**WORK TO COMPLETE**
Only the pictures should be dropped; copy the rest of the entries exactly.

**RECORDS TO PROCESS**
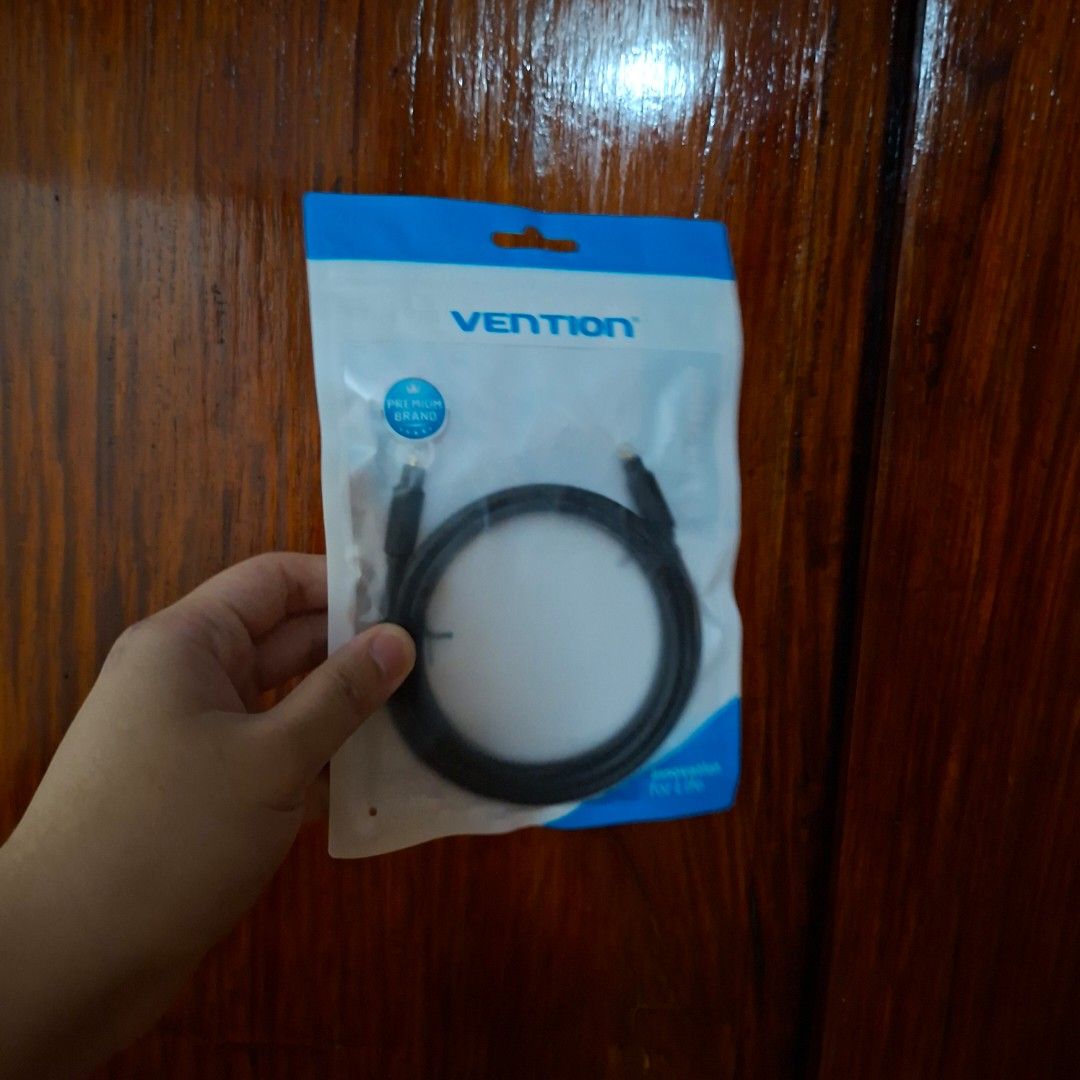 Colgate electric tooth brush (Category: Oral Care) located in Manila. Submitted by mr.fast (Listing ID 1455793850, Image 3). Description: .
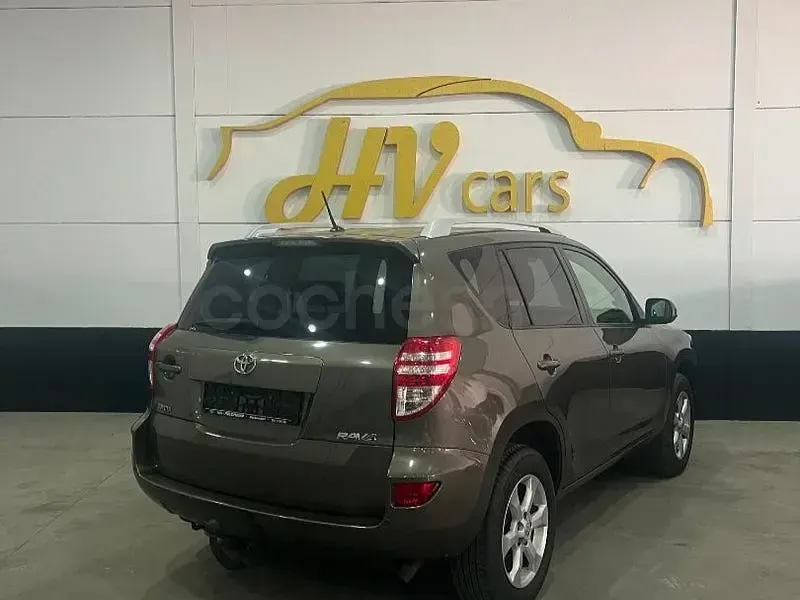 Usado Toyota RAV4 Executive 150 CV (110 kW) 2011 Marrón SUV
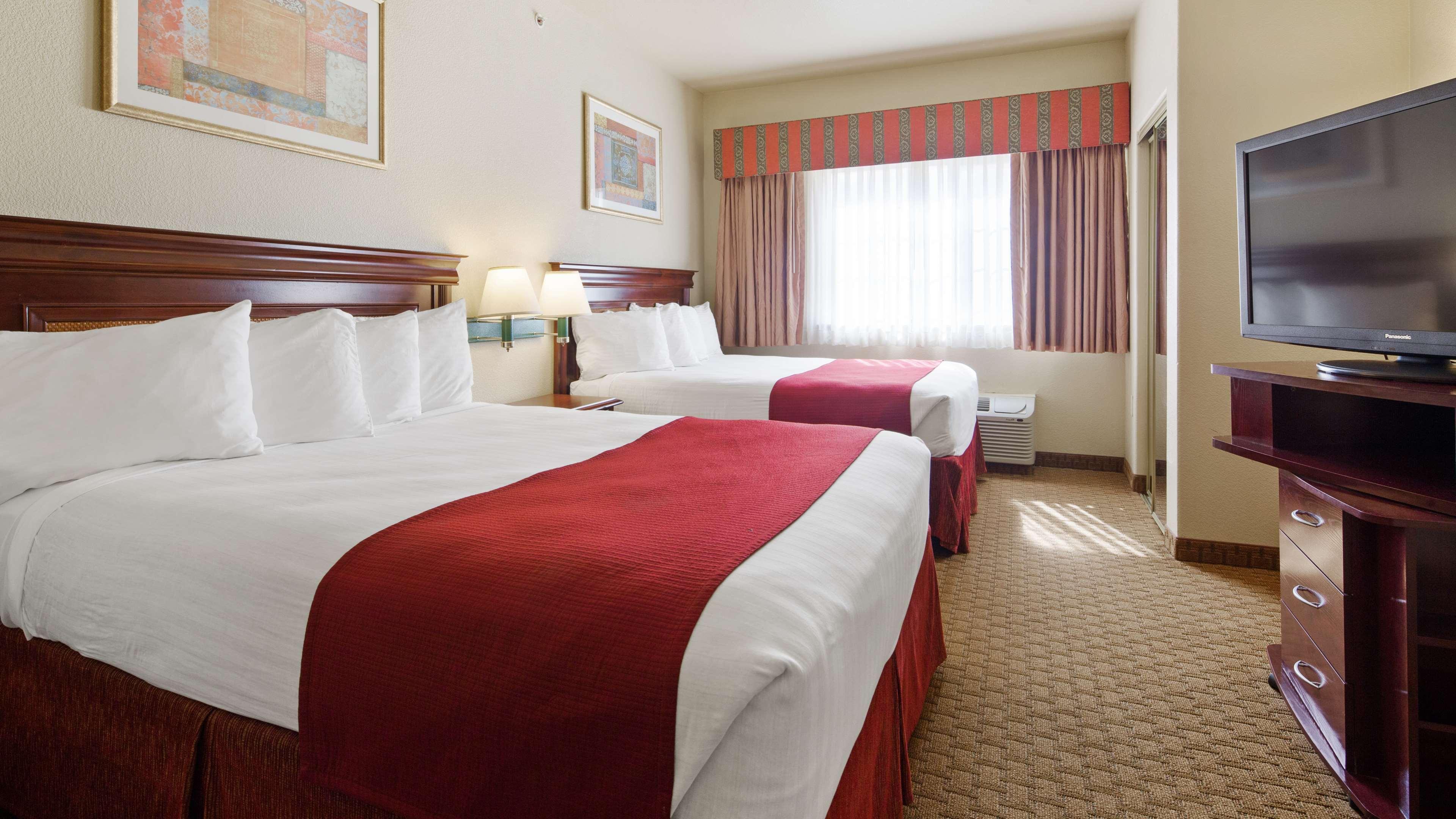Best Western Plus Pratt Екстериор снимка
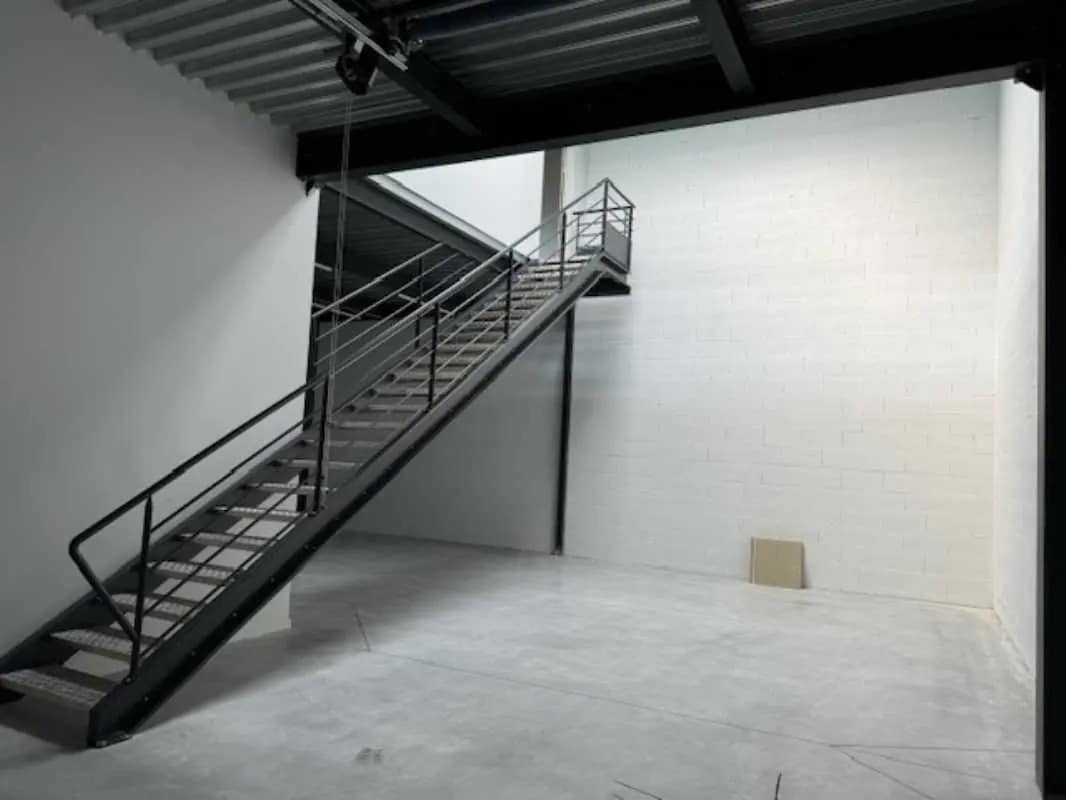 Bureau dans La Tour-de-Salvagny à louer Photo intérieure– Image 1 sur 9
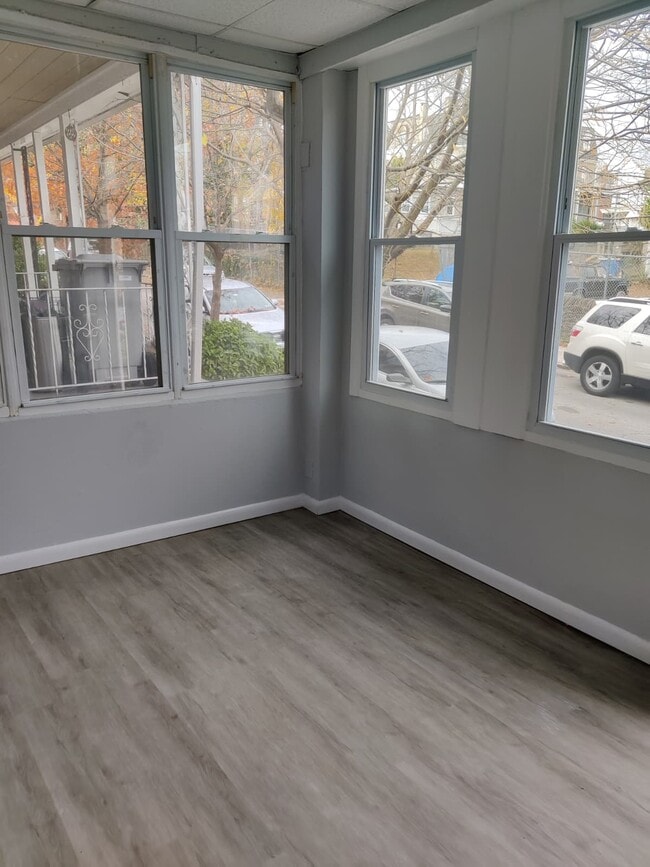 Foto del edificio - 532 E Mayland St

**ANSWER SPACE**
 Colgate electric tooth brush (Category: Oral Care) located in Manila. Submitted by mr.fast (Listing ID 1455793850, Image 3). Description: .
 Usado Toyota RAV4 Executive 150 CV (110 kW) 2011 Marrón SUV
Best Western Plus Pratt Екстериор снимка
 Bureau dans La Tour-de-Salvagny à louer Photo intérieure– Image 1 sur 9
 Foto del edificio - 532 E Mayland St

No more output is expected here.